One of you three will not be in engineering this time next year. Heard that in my first seminar class in engineering as a freshman at Purdue 30 years ago.

In contrast my daughter recently visited the University of Iowa. We were told explicitly that that is no longer the practice. They had about 20 students all indicate that they are on track to graduate in 4 years. My daughter was sold.

As far as getting up to speed in math. I am sorry but it is very difficult to pack all the math you should have learned in High School into an engineering curriculum. This is why most schools have a pretty stringent math aptitude expectation for admission. They have to. Ability in math comes from doing problems (this is also true for the analytical side of engineering). You cannot get around that fact. At the end of the day it is about you and the math problem - not a group huge activity with your friends. Study sessions together can be useful but having a tutor is even better. You don't just do the math problems that were assigned. You do every one that you have time for and for which you have a solution (or a tutor to guide you).

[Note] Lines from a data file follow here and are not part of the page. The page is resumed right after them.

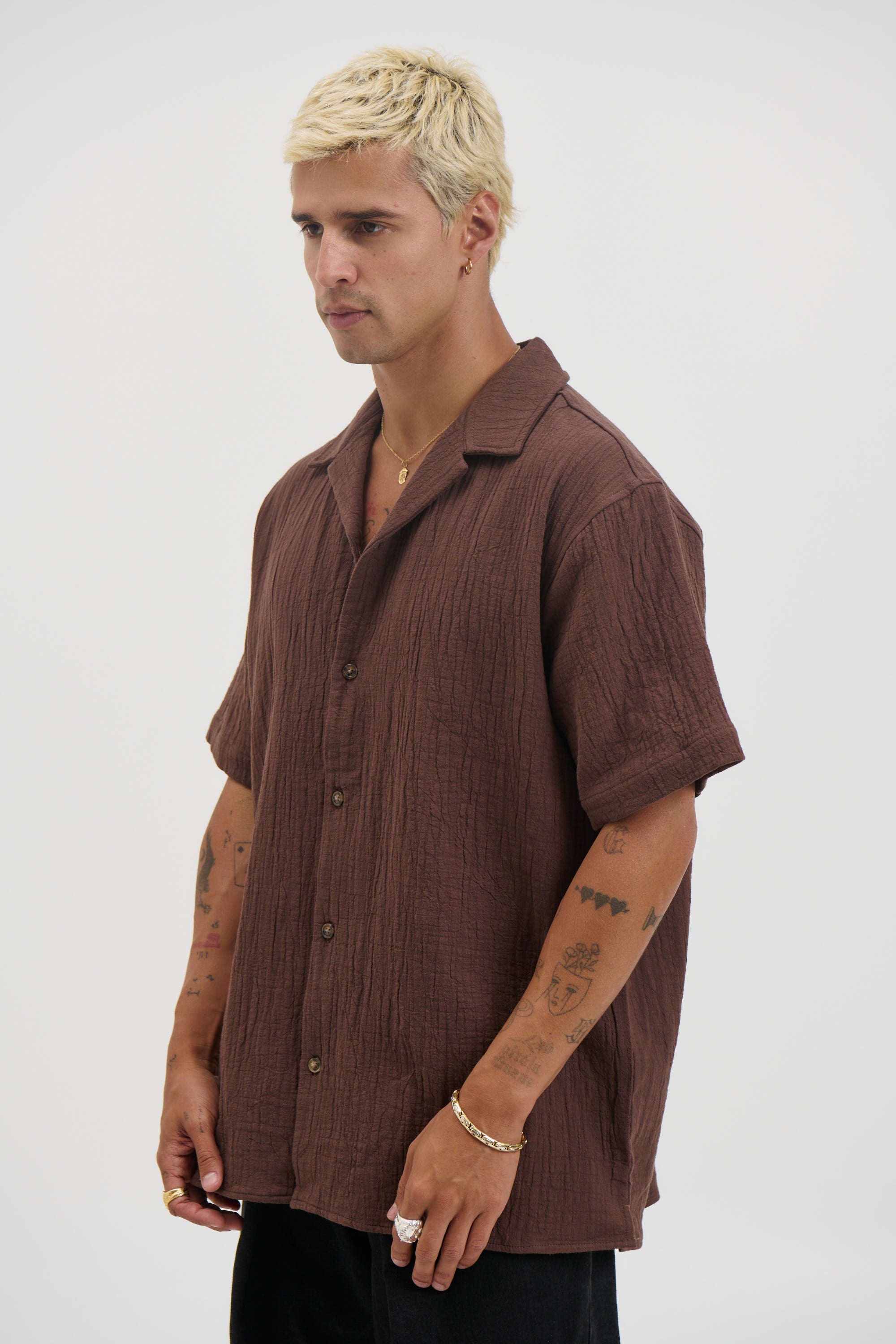 Soft Textured Shirt Choc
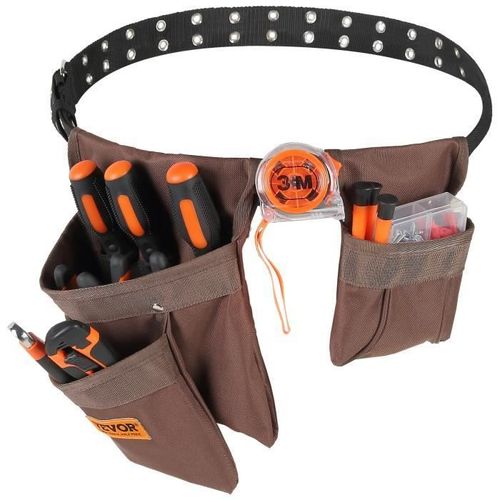 Ceinture à outils-VEVOR-13 poches, s'ajuste de 29 pouces à 54 pouces, sac à outils amovible -pour électricien,bricoleur,marron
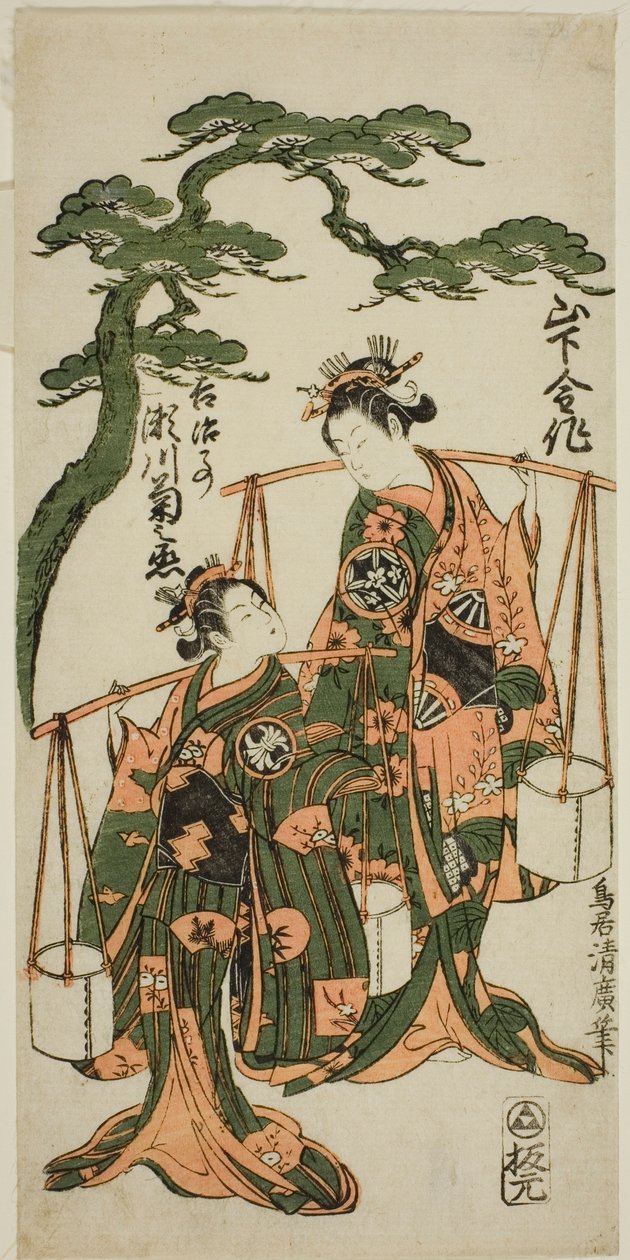 الممثلان Yamashita Kinsaku II و Segawa Kikunojo II بواسطة توري كيوهيرو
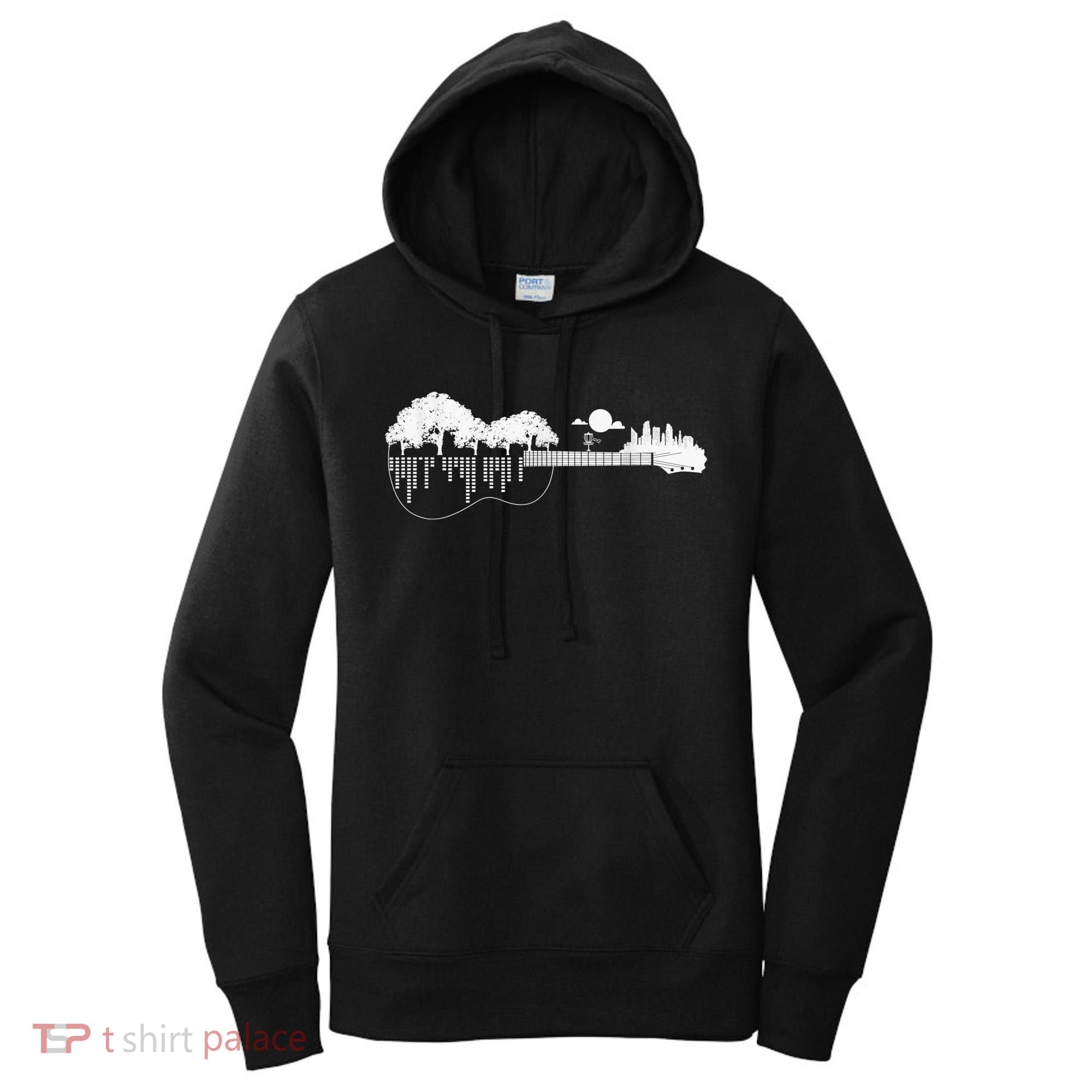 Disc Golf Flying Disc - Disc Golf Sunset Guitar Women's Hoodie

Really making solutions widely available to problems is the best way to learn math (and the analytical portion of engineering). I actively seek out Instructor's Solution Manuals for my daughters' courses. I find it humorous that they say they are for instructor's use only. Properly used that are the best preparation tool for math, science, and engineering. It is not about copying the answer for a few points of homework credit. It is about decoding what is actually being asked (sometimes math books are pretty obtuse) and dealing with those nagging exception problems that are not addressed in the text (Larson Algebra/Trig is notorious for this).

I remember when I was in school. We did not have nearly the level of resources available for learning. I would expect that engineering students today are far better than we were in my time. You can watch lectures for most courses in the first two years of an engineering program.

The most important to remember is that you should be spending at least 3 hours for every hour you are in class (college is a 50-60 hour job).